Eleştirilerden hiç rahatsızlık duymadım. Belki gazeteci olduğum için, gazeteciliği sevdiğim için. Herkesin eleştiri hakkına çok saygılıyım. Ama yalan haber, hele kasıtlı olarak yalan yazılan haber rahatsız etti. Son olarak sağlığımla ilgili yazılan haberleri söyleyebilirim

Rahşan dışında yakınım yine Rahşan

Sayın Rahşan Ecevit dışında, size en yakın olan kimdir?

Rahşan Ecevit'tir... (Kahkaha)

Gazetelerde beğeniyle okuduğunuz yazarlar kimler?

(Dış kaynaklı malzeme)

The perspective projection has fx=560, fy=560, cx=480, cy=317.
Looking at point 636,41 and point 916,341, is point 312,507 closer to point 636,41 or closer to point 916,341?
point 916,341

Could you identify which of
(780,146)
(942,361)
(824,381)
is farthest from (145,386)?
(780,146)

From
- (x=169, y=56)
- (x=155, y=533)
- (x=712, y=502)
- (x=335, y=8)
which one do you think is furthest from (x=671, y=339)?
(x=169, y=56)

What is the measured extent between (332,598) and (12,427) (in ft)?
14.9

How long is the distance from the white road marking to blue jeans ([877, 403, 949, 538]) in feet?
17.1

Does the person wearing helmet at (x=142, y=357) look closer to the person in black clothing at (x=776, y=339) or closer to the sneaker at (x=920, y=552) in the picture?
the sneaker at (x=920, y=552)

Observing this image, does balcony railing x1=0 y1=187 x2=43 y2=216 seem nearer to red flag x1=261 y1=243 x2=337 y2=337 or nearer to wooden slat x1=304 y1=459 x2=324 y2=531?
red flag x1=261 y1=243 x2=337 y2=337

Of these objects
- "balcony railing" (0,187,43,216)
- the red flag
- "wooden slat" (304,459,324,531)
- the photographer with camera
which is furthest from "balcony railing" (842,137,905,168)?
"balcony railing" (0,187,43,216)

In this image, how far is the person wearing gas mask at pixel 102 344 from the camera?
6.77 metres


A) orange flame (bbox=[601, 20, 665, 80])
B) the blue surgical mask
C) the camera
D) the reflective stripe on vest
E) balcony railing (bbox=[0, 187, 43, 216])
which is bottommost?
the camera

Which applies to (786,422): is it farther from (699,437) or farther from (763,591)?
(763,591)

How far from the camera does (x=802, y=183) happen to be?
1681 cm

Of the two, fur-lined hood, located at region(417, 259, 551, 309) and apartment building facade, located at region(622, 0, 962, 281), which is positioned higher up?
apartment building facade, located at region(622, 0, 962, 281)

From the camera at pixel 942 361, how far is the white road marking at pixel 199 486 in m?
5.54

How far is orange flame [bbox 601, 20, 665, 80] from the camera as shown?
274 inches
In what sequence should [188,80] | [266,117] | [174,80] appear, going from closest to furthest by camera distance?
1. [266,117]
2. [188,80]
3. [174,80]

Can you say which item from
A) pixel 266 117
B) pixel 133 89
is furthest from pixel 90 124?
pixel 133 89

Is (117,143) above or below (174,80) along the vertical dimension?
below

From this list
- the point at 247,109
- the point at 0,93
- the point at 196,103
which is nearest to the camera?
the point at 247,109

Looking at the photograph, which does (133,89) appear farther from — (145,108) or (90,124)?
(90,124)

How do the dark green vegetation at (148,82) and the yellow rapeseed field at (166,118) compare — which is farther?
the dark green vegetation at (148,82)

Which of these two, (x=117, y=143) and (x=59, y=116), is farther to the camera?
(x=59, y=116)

Bana isim söyletmeyin. Çünkü unuttuğum isimler olabilir. Ancak gazetecilikle ilgili düşündüğümü belirtmek isterim; bence gerçek gazetecilik muhabirliktir. Aynı zamanda fotoğrafçılık yapan muhabirlerdir. Çünkü gazetecinin başta gelen işleri kendi düşüncelerini açıklamakla birlikte, olaylara, gelişmelere olabildiğince doğru ve tarafsız teşhisler, anılar katabilmektir. Buna da muhabirlerin ve teknik anlamda da objektifi kullanan kameramanların ve fotoğraçıların büyük katkısı vardır. Ben aslında gazeteciliğe köşeyazarı olarak başladım ve öyle geldim büyük ölçüde. Fakat hep muhabir olmamanın eksikliğini duydum. Ancak ilginçtir, 1980'li ve 1990'lı yıllarda, siyaset yasağım olduğu için ilk defa muhabirlik yapma olanağını buldum. Körfez krizi döneminde gerçek muhabirlik yaptım ve çok zevk aldım. Körfez savaşından sonra da bir süre muhabirlik yaptım. 1989'da bir dergiyle birlikte tamamen bir gazeteci olarak çalışmaya başladım. Muhabirlik yaptım ve gazeteci olarak aldığım ödüller hep o dönemdendir. Böylelikle gerçek gazetecilikle birlikte gazeteciliğe adım atmış oldum. Tabiİ köşe yazarlığı da çok önemli. Köşe yazarının başarılı olabilmesi için aynı zamanda muhabir gibi çalışması gerekir. Bunun sanırım ilk örneğini Abdi İpekçi vermiştir. Hem başyazarlık yaparken, hem de sürekli olarak temas eder telefonla görüşür, dolaşır o anlamda muhabirlik de yapardı. Bir de Allah Rahmet eylesin Ahmet Emin Yalman da aynı şekilde muhabirlik yapardı. Tabii köşe yazarlığını küçümsemiyorum, çok önemlidir, ama köşe yazarı mutlaka muhabirlik de yapmalıdır. Son dönemde ikisini birleştiren bir hayli köşe yazarı var.

Tikim nasıl yok oldu

Son dönemde tikleriniz kayboldu. Bunu nasıl başardınız?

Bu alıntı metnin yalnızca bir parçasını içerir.